Read the whole thing HERE

And Elizabeth Moon wrote a very comprehensive article on depression and creativity, and why it’s a good idea that if you think you’re suffering from depression you should seek help.
. . . if you wanted to make a cheery person with no predisposition to depression depressed, you could stick him in front of a typewriter or computer for hours a day--feed him a typical writer's diet--forbid him to exercise, isolate him from friends, and convince him that his personal worth depended on his "numbers." Make him live the writer's life, in other words, and watch him sag.
Read the whole thing HERE

Now that you’re aware of some of the pitfalls of writing and depression, I want to leave you with this bit of advice from Monty Python. This isn’t meant to be frivolous, honest. I’ve been to cognitive therapy and one of the things they tell you is to always look for the good that can come out of what you may feel is even the worst situation. Trust me, it works.


Benjamin Solah said...

I guess a lot of writers have been there. Myself included.

It was more other factors more than writing, and those factors largelly hindering writing.

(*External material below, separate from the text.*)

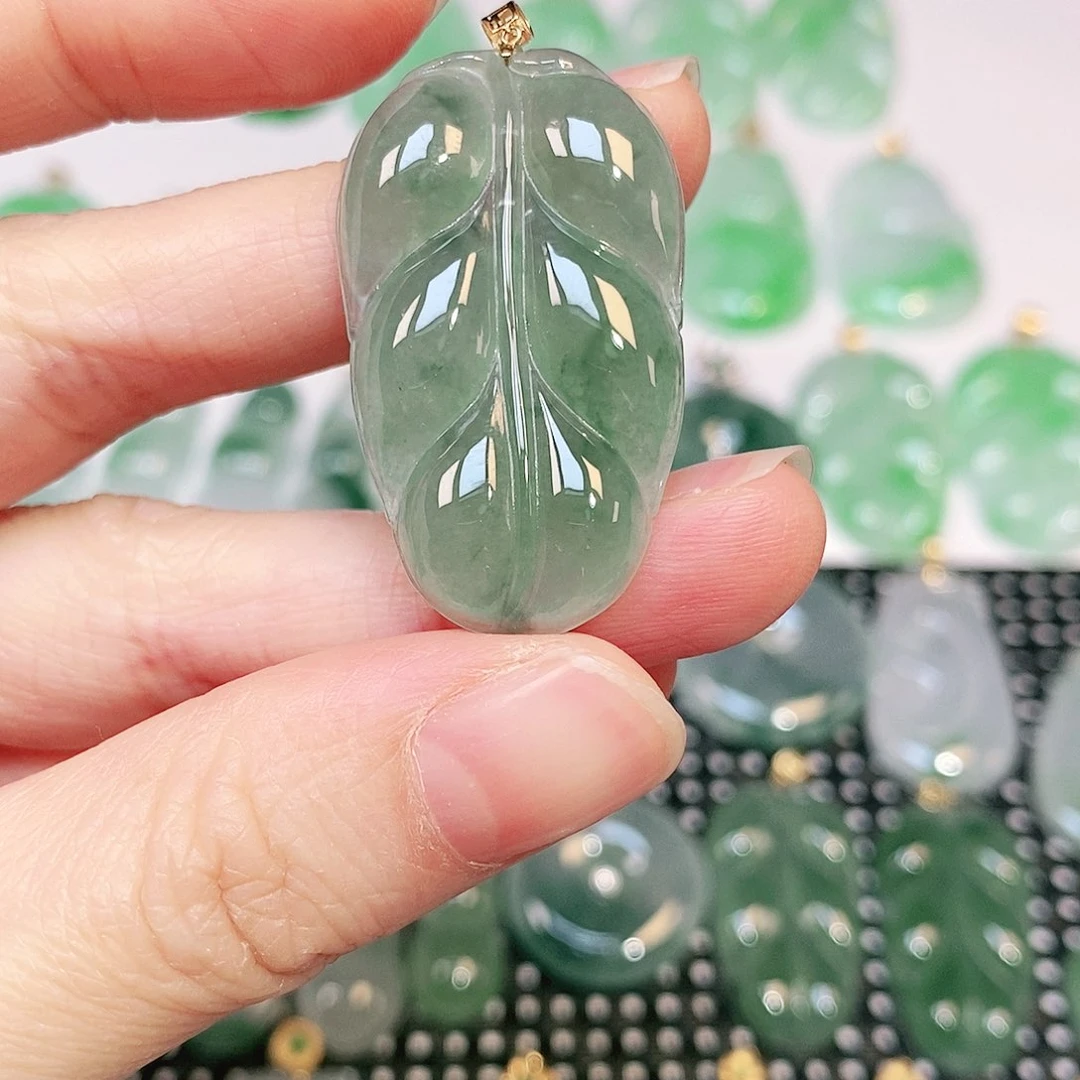 翡翠吊坠(不含链)18K金镶嵌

I would say my saviours have been writing which allows me to express all of the millions thoughts running through my head, political activism and protests that gives me an outlet to do something about the things I hate in the world, and my partner. Yes, falling in love helps.

C R Ward said...

I have to say that my saviour is the medication I'm on. It doesn't make it all go away, but it helps me deal with the darkness.

Coincidentally, I was at a poetry reading last night for local high school students, and the youngest poet read poems of dispair and suicide attempts. Fortunately she got the help she needed and her final poem was one of hope.